■ **Crawled caption data**:

□ □ □ □ □ □ □

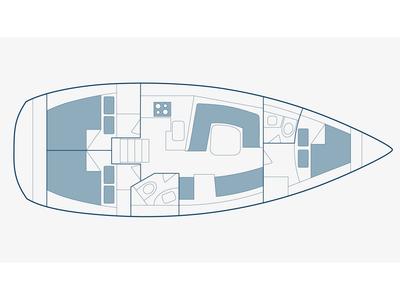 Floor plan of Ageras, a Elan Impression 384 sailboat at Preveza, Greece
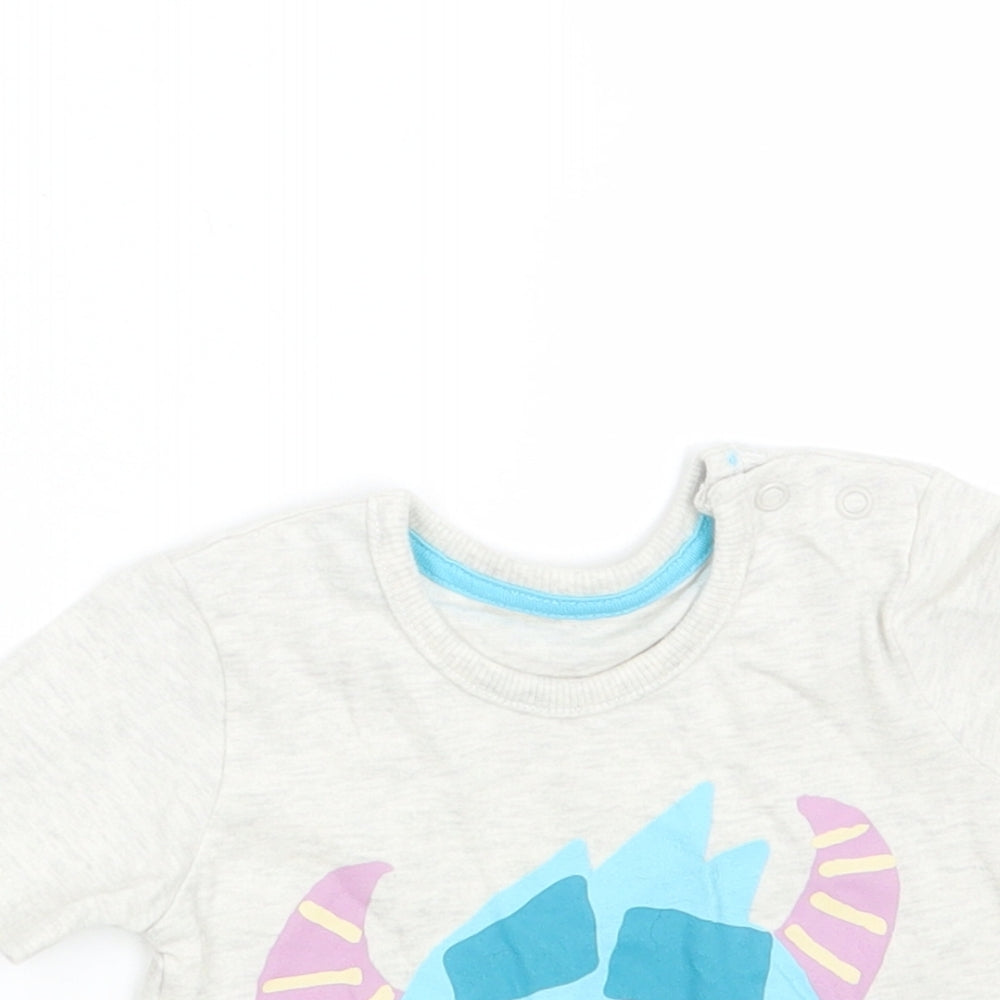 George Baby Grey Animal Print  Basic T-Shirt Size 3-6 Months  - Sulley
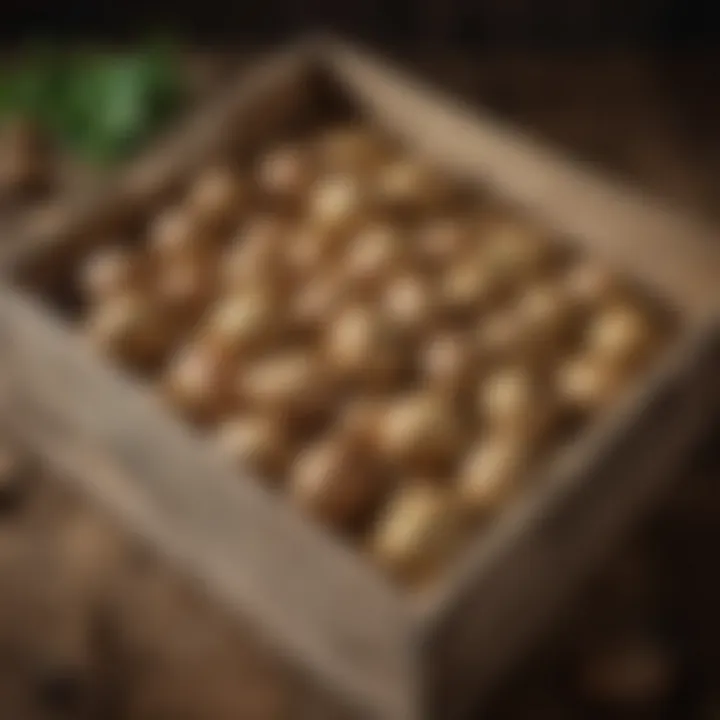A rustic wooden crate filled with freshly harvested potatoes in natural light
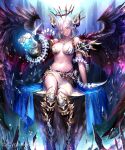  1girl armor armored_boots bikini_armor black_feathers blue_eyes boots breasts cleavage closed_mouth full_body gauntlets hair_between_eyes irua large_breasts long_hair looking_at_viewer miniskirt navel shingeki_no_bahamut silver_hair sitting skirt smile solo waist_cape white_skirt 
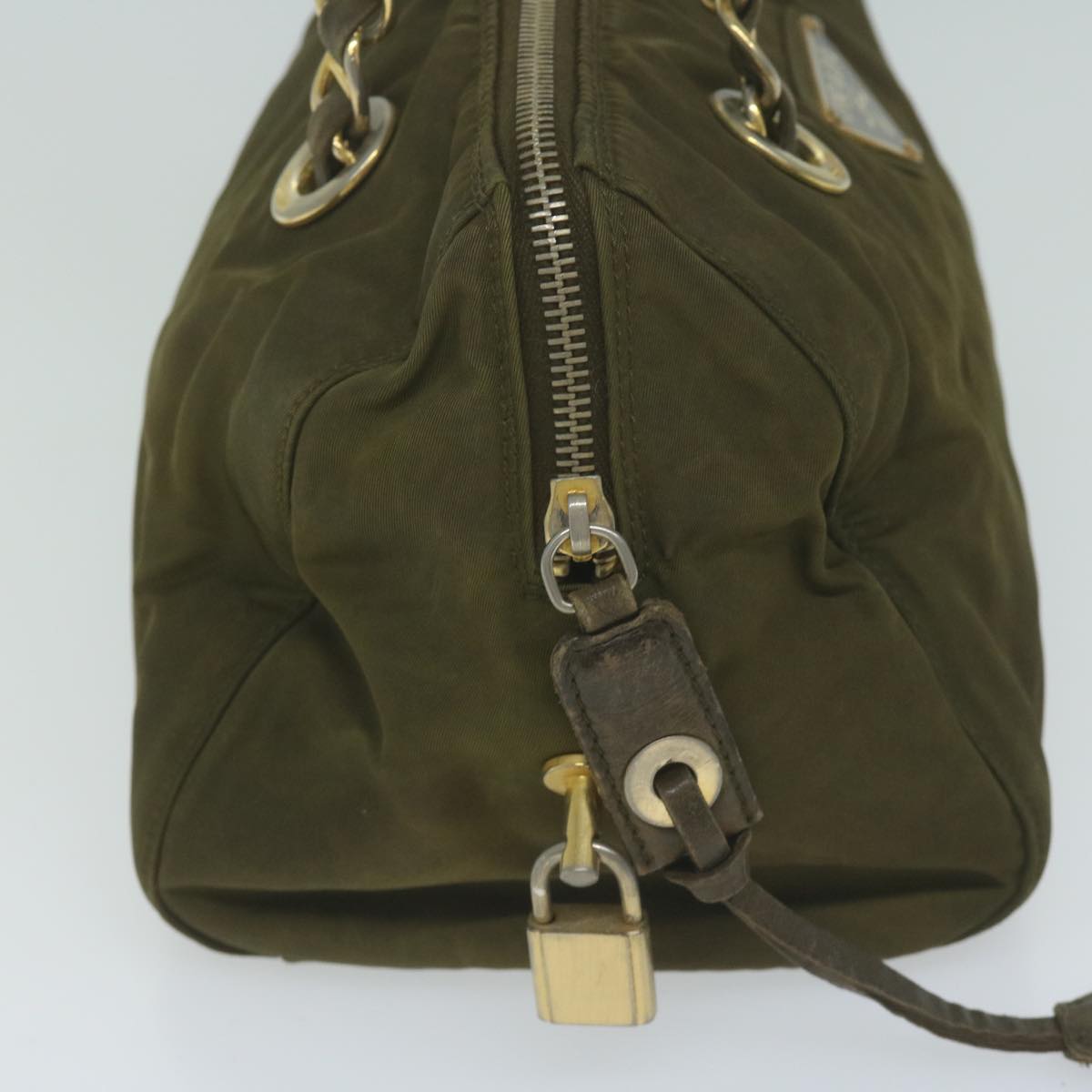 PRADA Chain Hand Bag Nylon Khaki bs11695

□ □ □ □ □ □ □

■ **Required work**: From the line containing "George Baby Grey" to the final line above, both included, transcribe every line exactly and leave all pictures out.

■ **Your response**:
 George Baby Grey Animal Print  Basic T-Shirt Size 3-6 Months  - Sulley
A rustic wooden crate filled with freshly harvested potatoes in natural light
  1girl armor armored_boots bikini_armor black_feathers blue_eyes boots breasts cleavage closed_mouth full_body gauntlets hair_between_eyes irua large_breasts long_hair looking_at_viewer miniskirt navel shingeki_no_bahamut silver_hair sitting skirt smile solo waist_cape white_skirt 
 PRADA Chain Hand Bag Nylon Khaki bs11695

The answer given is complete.